Zoroaster kemudian mulai menyebarkan ajarannya. Ia juga mengembangkannya melalui penglihatan-penglihatan berikutnya dengan bantuan Ahura Mazda.
“Ada perdebatan di antara para ahli tentang kapan Zoroaster menyebarkan ajarannya. Konsensus yang ada adalah bahwa ia hidup antara tahun 1500 dan 1000 SM,” kata Husdon.
Namun, beberapa ahli percaya bahwa Zoroaster adalah orang yang hidup sezaman dengan Cyrus Agung; pendiri Kekaisaran Akhemeniyah. Meskipun berstatus sebagai nabi, Zoroaster sendiri tidak disembah.
Konsep Agama Zoroaster
Berbeda dengan kepercayaan politeisme mitologi Persia kuno, Zoroastrianisme mengakui Ahura Mazda sebagai satu-satunya Tuhan yang benar. Makhluk tertinggi ini diyakini sebagai pencipta alam semesta.

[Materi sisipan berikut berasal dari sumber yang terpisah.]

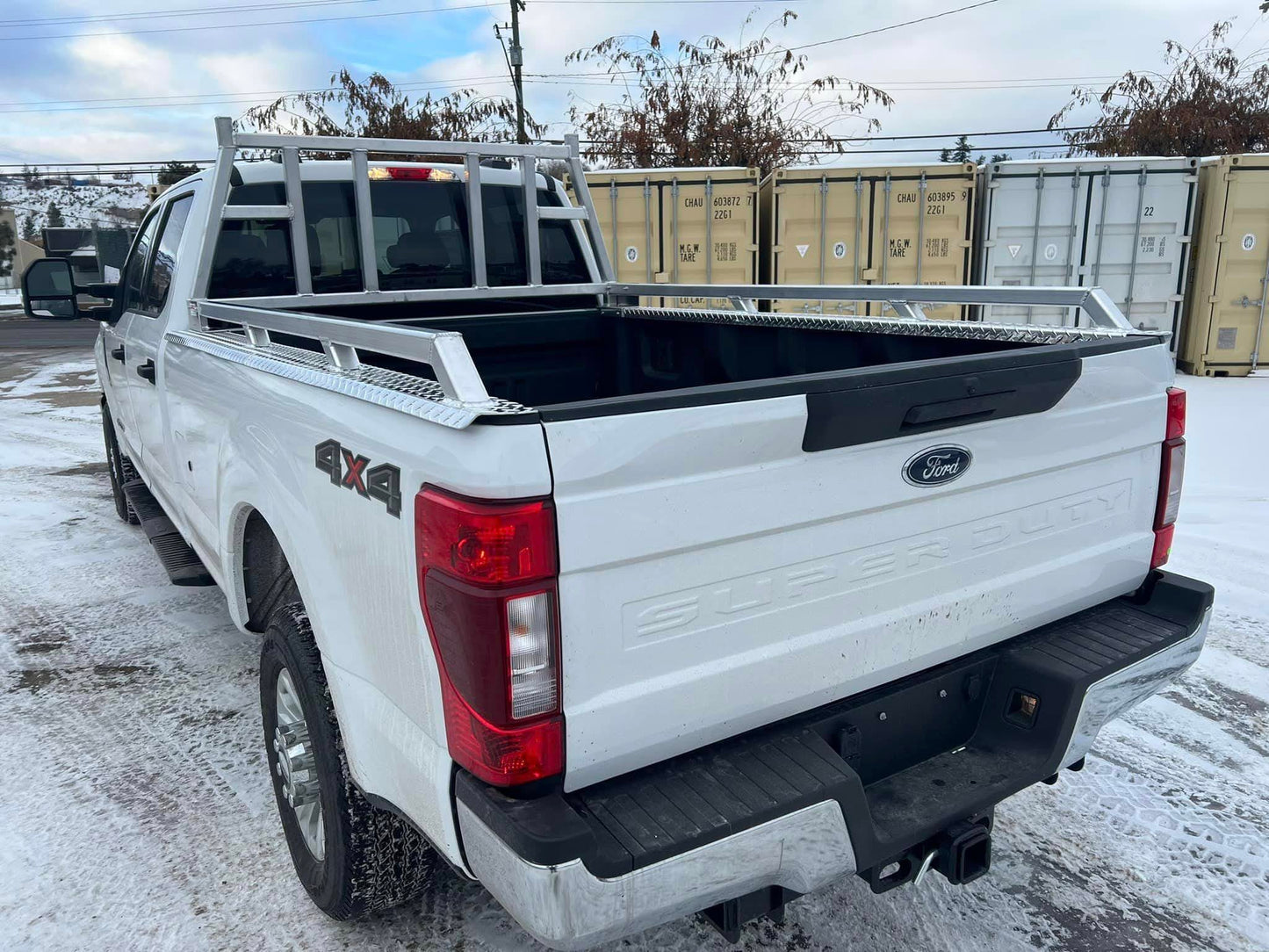 Headache Rack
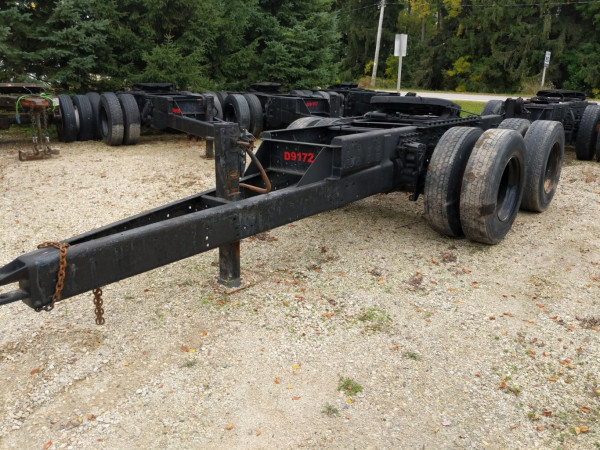 2024 Dobson TANDEM CONVERTER DOLLY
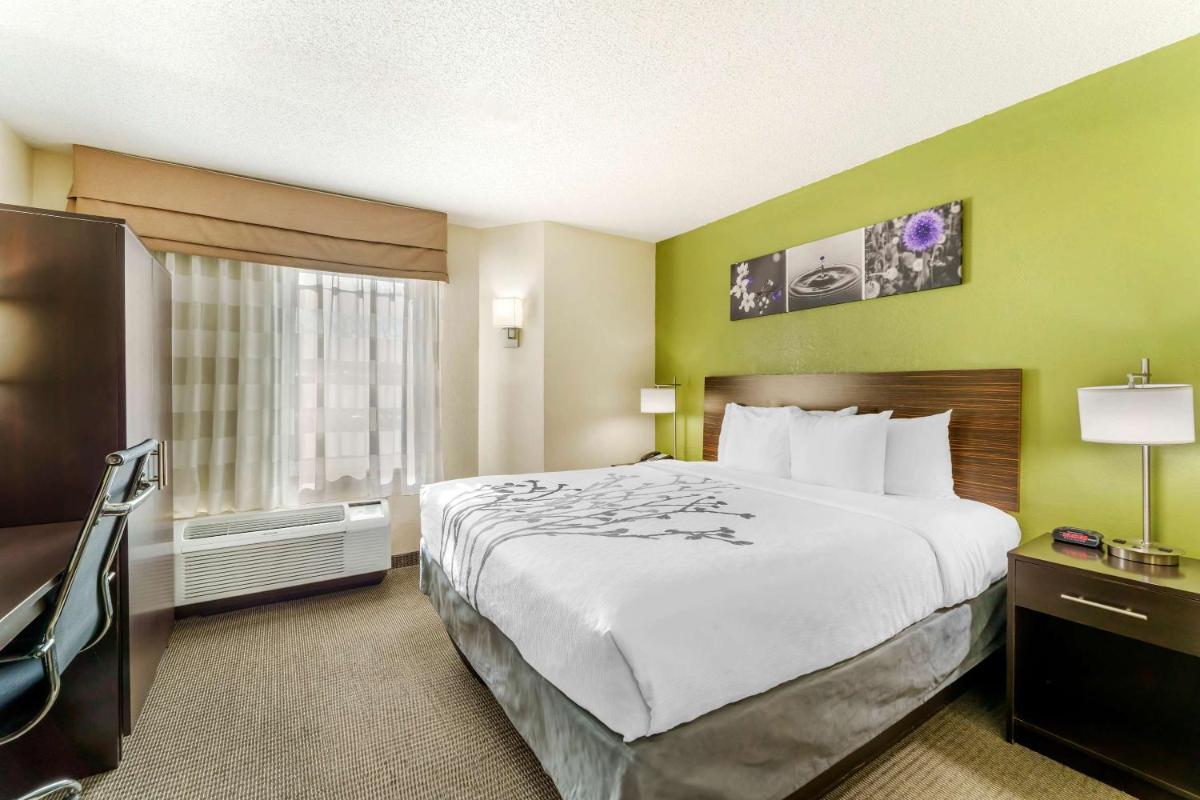 Sleep Inn Hickory South - Housity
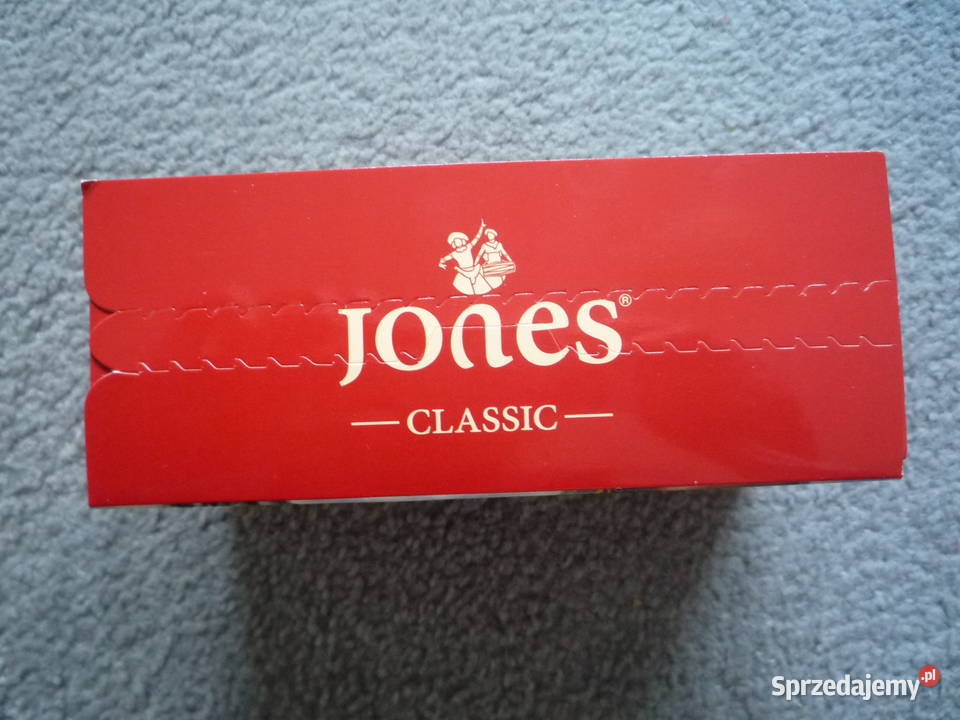 Jones Classic herbata czarna ekspresowa 100g 50 zachodniopomorskie Szczecin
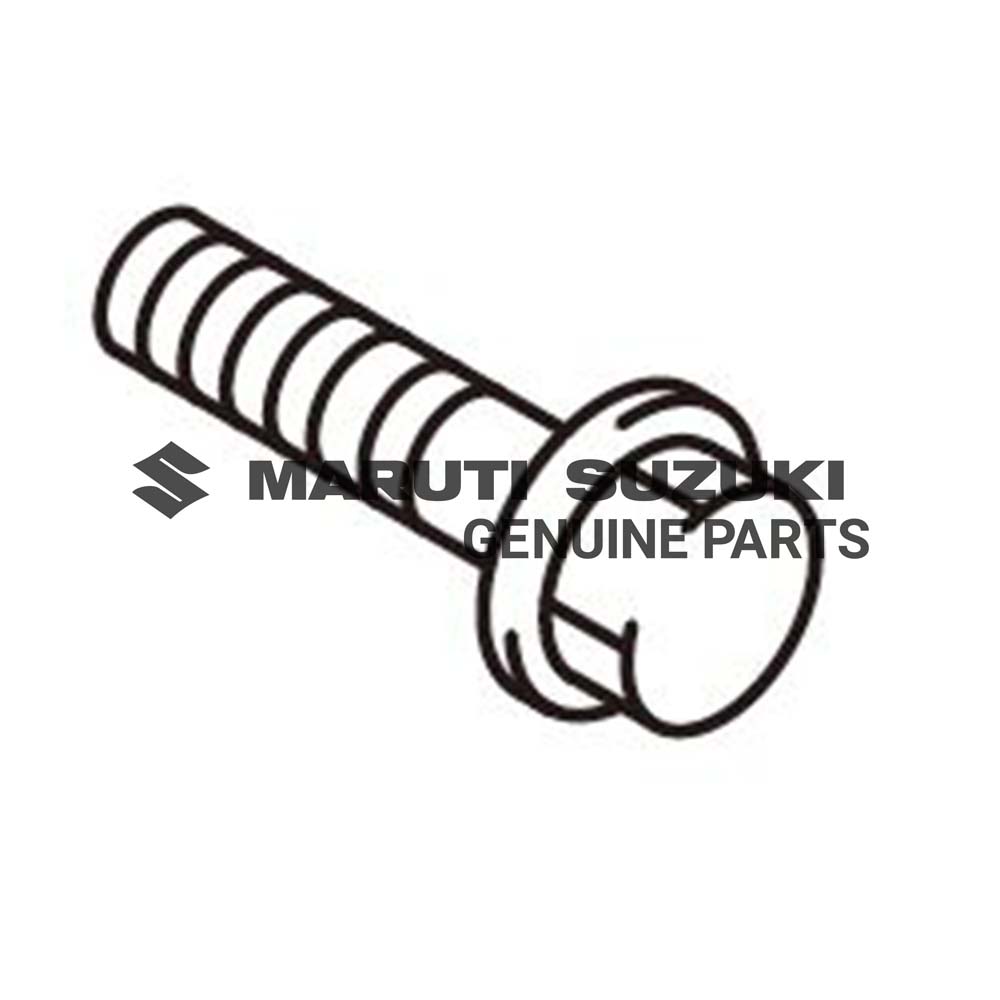 BOLT_EGR PIPE INTAKE SIDE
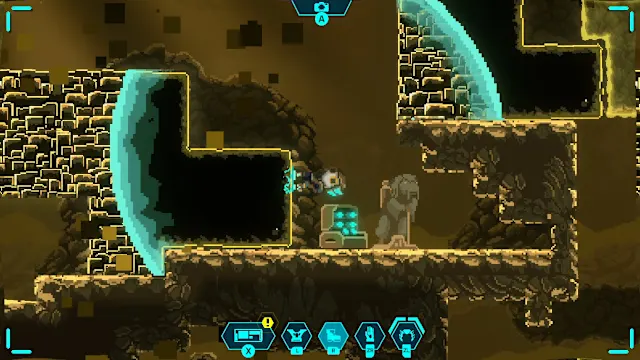 Exographer screenshot 4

“Dia maha kuasa, maha tahu, dan maha hadir,” kata Husdon. “Ahura Mazda juga dikenal sebagai ‘Tuhan yang Bijaksana’, dan merupakan personifikasi dari segala sesuatu yang adil dan baik.”
Seperti dalam agama Persia kuno, Ahura Mazda ditentang oleh Angra Mainyu, yang merupakan esensi dari kejahatan. Para penganut Zoroaster percaya bahwa Ahura Mazda memberikan kehendak bebas kepada manusia.